— DESCRIPTION OF THE TASK —
Please restate the records that follow exactly, skipping their images.

[Opening MATERIAL FOR THIS EXERCISE section]

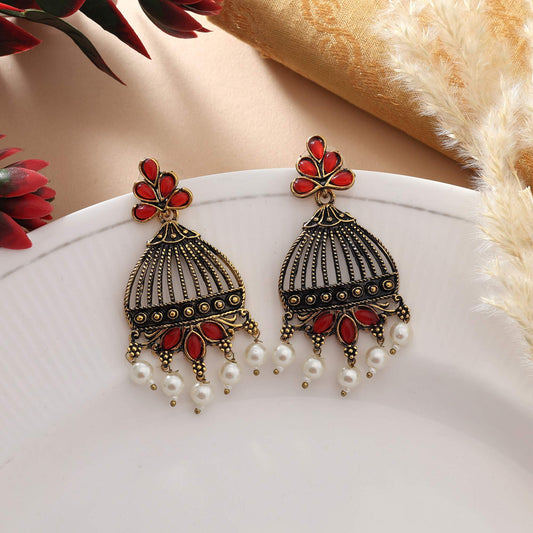 Red Color Oxidised Earrings With Artistic Craft Finish For Everyday Ethnic Style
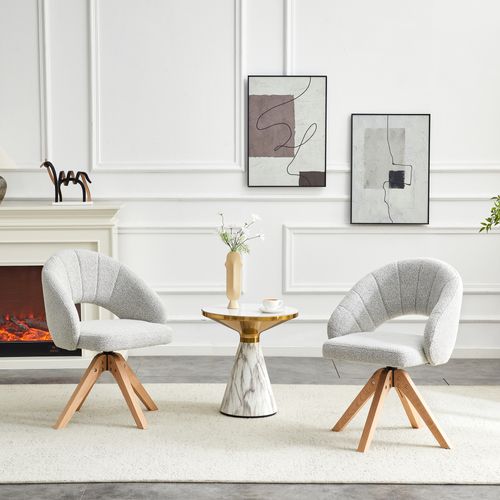 Lot De 2 Chaises Pivotantes 360°, H84 Cm, Dossier Ajouré, Bois, Velours, Gris Clair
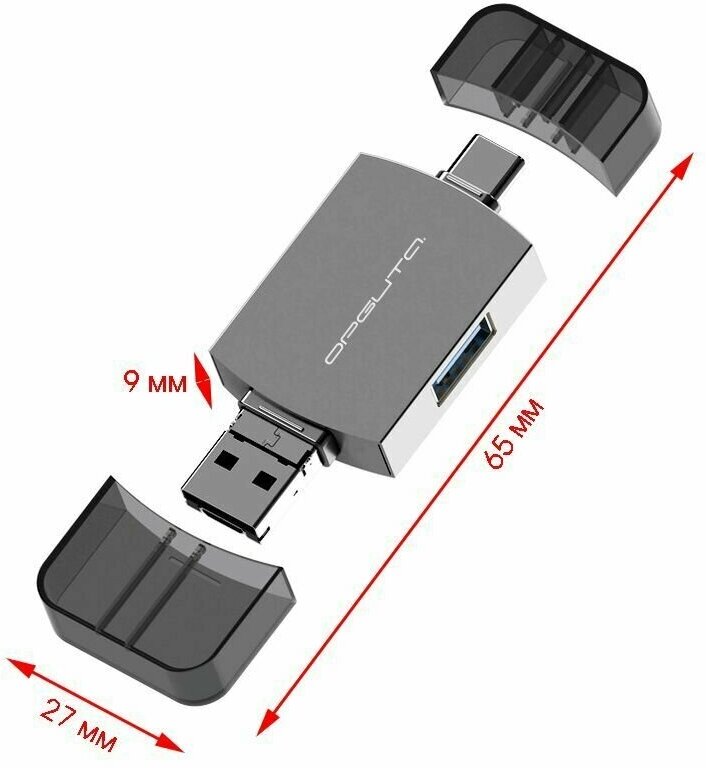 Картридер OTG (TF SD microUSB Type-C) Орбита OT-PCR25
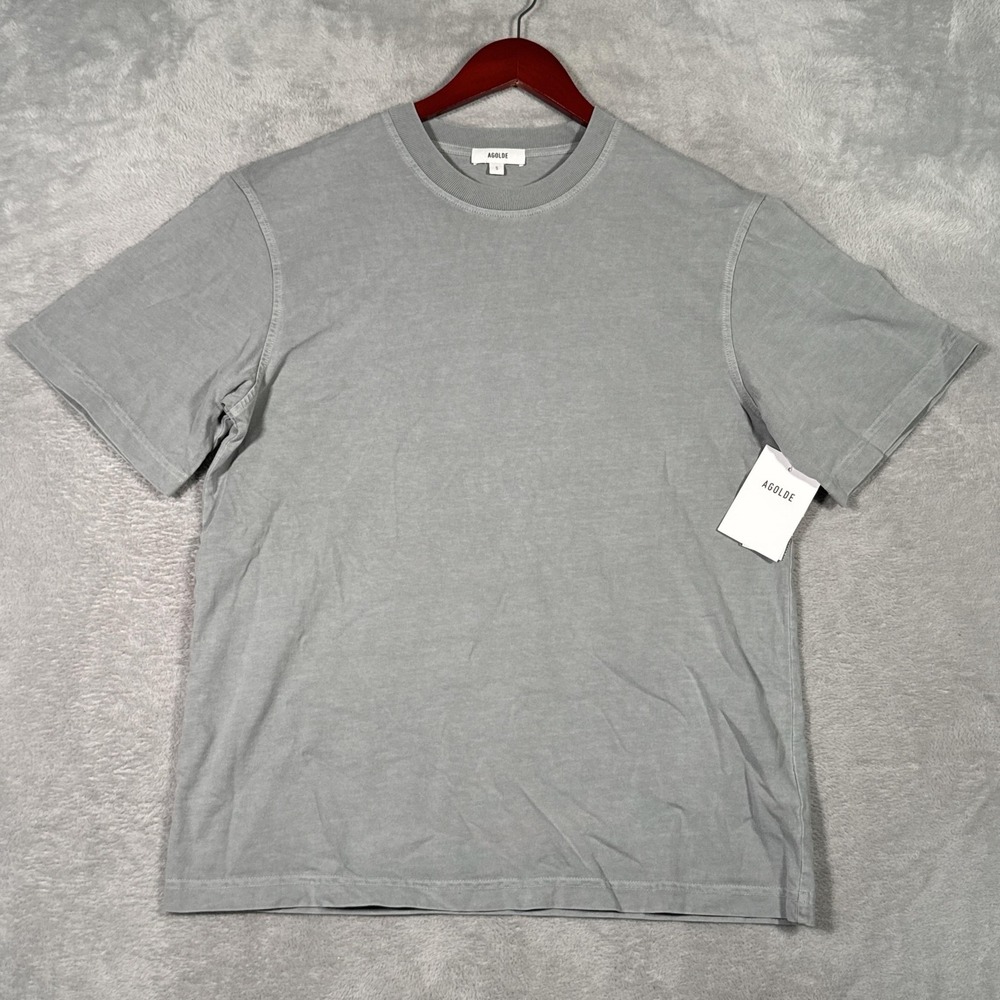 AGOLDE Shirt Mens Small Gray Asha Mock Neck Tee 100% Cotton USA Vintage Wash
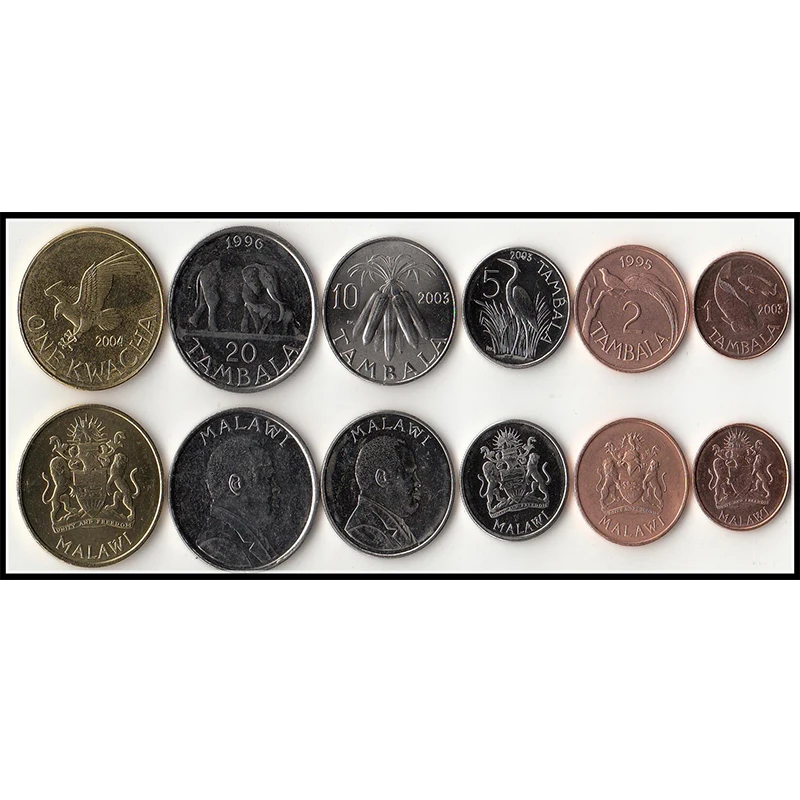 Набор из 6 монет Малави 100% реальная монета для коллекции UNC | Дом и сад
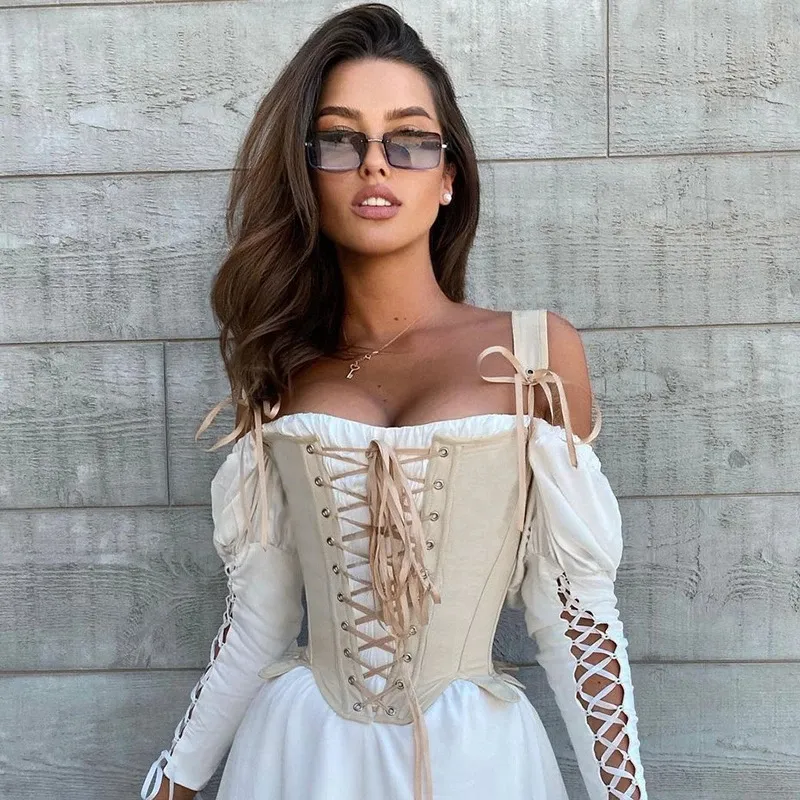 Zomer Vintage Corset Bustier Top Vrouwen Cut Out Sexy Lace Up Bandage Mouwloze Tank Tops Fairy Prinses Vest Cosplay Kostuum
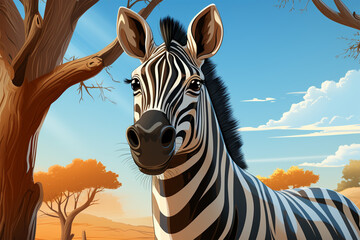 stail cartoon zebra under the tree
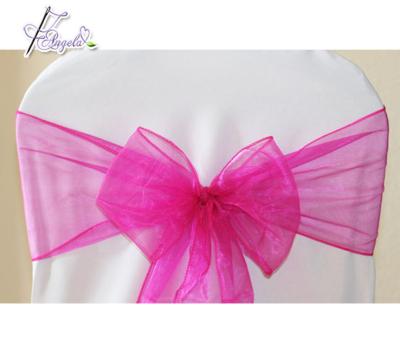 China Simple Premium Quality Crystal Organza Bows Party Chair Sashes For Event Wedding Chair Covers for sale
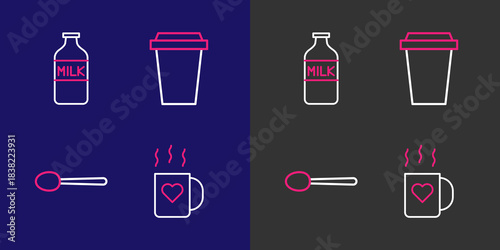 Set line Coffee cup and heart, Spoon, to go and Bottle with milk icon. Vector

[Closing MATERIAL FOR THIS EXERCISE section]

— ANSWER TO THIS PROBLEM —
 Red Color Oxidised Earrings With Artistic Craft Finish For Everyday Ethnic Style
 Lot De 2 Chaises Pivotantes 360°, H84 Cm, Dossier Ajouré, Bois, Velours, Gris Clair
 Картридер OTG (TF SD microUSB Type-C) Орбита OT-PCR25
 AGOLDE Shirt Mens Small Gray Asha Mock Neck Tee 100% Cotton USA Vintage Wash
 Набор из 6 монет Малави 100% реальная монета для коллекции UNC | Дом и сад
 Zomer Vintage Corset Bustier Top Vrouwen Cut Out Sexy Lace Up Bandage Mouwloze Tank Tops Fairy Prinses Vest Cosplay Kostuum
 stail cartoon zebra under the tree
 China Simple Premium Quality Crystal Organza Bows Party Chair Sashes For Event Wedding Chair Covers for sale
 Set line Coffee cup and heart, Spoon, to go and Bottle with milk icon. Vector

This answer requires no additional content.